Nocne szarże policji. Czy muszą budzić pół miasta?
4 września 2019
Przez ostatnie pięć dni, dwadzieścia cztery godziny na dobę, z powodu zabezpieczenia zagranicznych wizyt, kolumny radiowozów pędziły na sygnale ulicami Warszawy i okolic. Nocne szarże policji krytykuje wielu mieszkańców.
- Przez 5 dni non-stop na sygnałach jeżdżą kolumny radiowozów. Nawet w nocy wyją i budzą ludzi, wielokrotnie. To jest po prostu nie do zniesienia. Z jakiego powodu ludziom spać nie dają? - skarży się mieszkaniec Białołęki.
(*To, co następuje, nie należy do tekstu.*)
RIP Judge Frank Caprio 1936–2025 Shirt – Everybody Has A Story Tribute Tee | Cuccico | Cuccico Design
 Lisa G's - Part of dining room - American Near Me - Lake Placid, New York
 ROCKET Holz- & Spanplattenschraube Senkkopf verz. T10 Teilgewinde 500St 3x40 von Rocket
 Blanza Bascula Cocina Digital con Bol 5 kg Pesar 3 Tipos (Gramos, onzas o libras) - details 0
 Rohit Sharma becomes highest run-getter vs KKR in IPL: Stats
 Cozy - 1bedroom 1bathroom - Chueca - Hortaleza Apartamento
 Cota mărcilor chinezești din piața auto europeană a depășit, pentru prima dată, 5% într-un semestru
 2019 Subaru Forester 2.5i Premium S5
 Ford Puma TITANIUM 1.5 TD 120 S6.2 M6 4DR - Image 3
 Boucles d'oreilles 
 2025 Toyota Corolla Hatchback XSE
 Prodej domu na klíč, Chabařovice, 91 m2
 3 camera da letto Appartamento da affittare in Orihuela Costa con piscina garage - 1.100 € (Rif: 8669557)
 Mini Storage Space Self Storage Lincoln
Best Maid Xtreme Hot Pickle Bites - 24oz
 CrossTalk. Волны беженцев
Bardzo duża liczba radiowozów na sygnale była także widziana w Kątach Węgierskich, w Jabłonnie i w Legionowie. Jest to oczywiście związane z lokalizacją Centrum Szkolenia Policji w Legionowie, z którego radiowozy wyjeżdżały, a następnie wracały z zabezpieczania uroczystości państwowych. - Natknęłam się na 20 takich z rzędu - dodaje Karolina. Czytając wypowiedzi z różnych stron internetowych, mieszkańcy mają serdecznie dość ciągłego wycia policyjnych kogutów i wielu pyta wprost: "Żyjemy w policyjnym państwie, gdzie spokój mieszkańców w trakcie trwającej ciszy nocnej dla polskich władz kompletnie się nie liczy?".
Nawet w nocy na sygnale
Działania polskiej policji w ostatnich dniach na terenie Warszawy i okolic były związane z trwającymi obchodami 80. rocznicy wybuchu II wojny światowej. Główne uroczystości odbyły się na placu Piłsudskiego w Warszawie. Wzięli w nich udział prezydent Andrzej Duda wraz z małżonką oraz m.in. Frank-Walter Steinmeier - prezydent Republiki Federalnej Niemiec, Michael Pence - wiceprezydent Stanów Zjednoczonych oraz Angela Merkel - kanclerz Niemiec. Na uroczystościach zabrakło zapowiadanego wcześniej Donalda Trumpa. Jednak wszystko wskazuje na to, iż to głównie z powodu zabezpieczenia delegacji z USA w stan gotowości postawiono wszystkie lub prawie wszystkie siły służb mundurowych z pobliskich komisariatów. Stąd właśnie przez ponad 5 dni można było zaobserwować i bez trudu usłyszeć wzmożony ruch pojazdów uprzywilejowanych, które gnały w kierunku centrum Warszawy, a następnie z powrotem do swoich baz. O ile do ciągłej jazdy na sygnałach za dnia niewielu ma pretensje, o tyle do nocnych policyjnych szarży zastrzeżeń jest mnóstwo. Wszak w nocy ruch na ulicach jest znikomy. Czy zdaniem funkcjonariuszy wiceprezydent USA byłby mniej bezpieczny, gdyby radiowozy w nocy jeździły bez używania sygnalizacji dźwiękowej?
KSP: Tak stanowi prawo
- U podstaw wszelkich działań policjantów podejmowanych w czasie trwających zabezpieczeń leży szeroko rozumiane bezpieczeństwo, natomiast kwestie użycia sygnałów świetlnych i dźwiękowych reguluje m.in. Prawo o Ruchu Drogowym - informuje lakonicznie nadkomisarz Sylwester Marczak, rzecznik prasowy Komendy Stołecznej Policji, odpowiedzialnej za zabezpieczenie obchodów. Odpowiedzi o zasadność używania sygnałów dźwiękowych w środku nocy przez powracające do swoich baz radiowozy nie uzyskaliśmy. W art. 53 ustawy Prawo o ruchu drogowym w pkt. 2 czytamy: "Kierujący pojazdem uprzywilejowanym może, pod warunkiem zachowania szczególnej ostrożności, nie stosować się do przepisów o ruchu pojazdów, zatrzymaniu i postoju oraz do znaków i sygnałów drogowych tylko w razie, gdy uczestniczy: w przejeździe kolumny pojazdów uprzywilejowanych oraz w wykonywaniu zadań związanych bezpośrednio z zapewnieniem bezpieczeństwa osób zajmujących kierownicze stanowiska państwowe, którym na mocy odrębnych przepisów przysługuje ochrona".